THE DATA

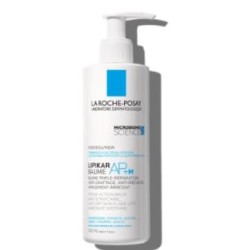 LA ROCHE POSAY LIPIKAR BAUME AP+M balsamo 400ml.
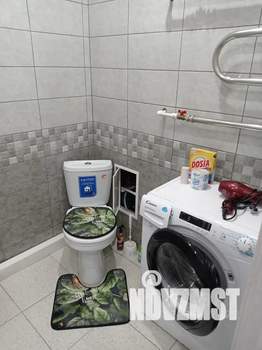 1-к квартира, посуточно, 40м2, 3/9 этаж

--

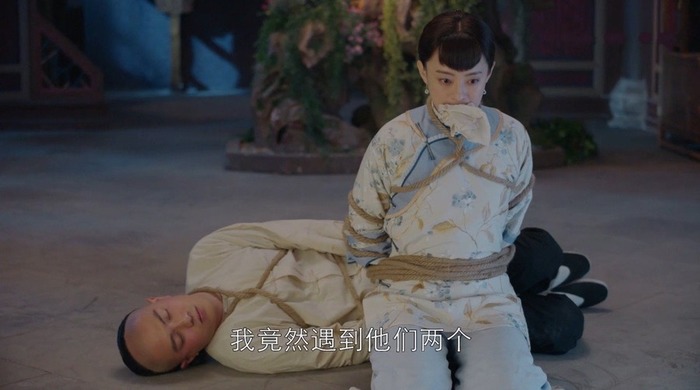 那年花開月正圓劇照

WHAT IS BEING ASKED
Leave the pictures out, and transcribe exactly the lines above starting at the one that contains "LA ROCHE POSAY" and ending at the one that contains "1-к квартира, посуточно, 40м2, 3/9 этаж".

SOLUTION BELOW
 LA ROCHE POSAY LIPIKAR BAUME AP+M balsamo 400ml.
 1-к квартира, посуточно, 40м2, 3/9 этаж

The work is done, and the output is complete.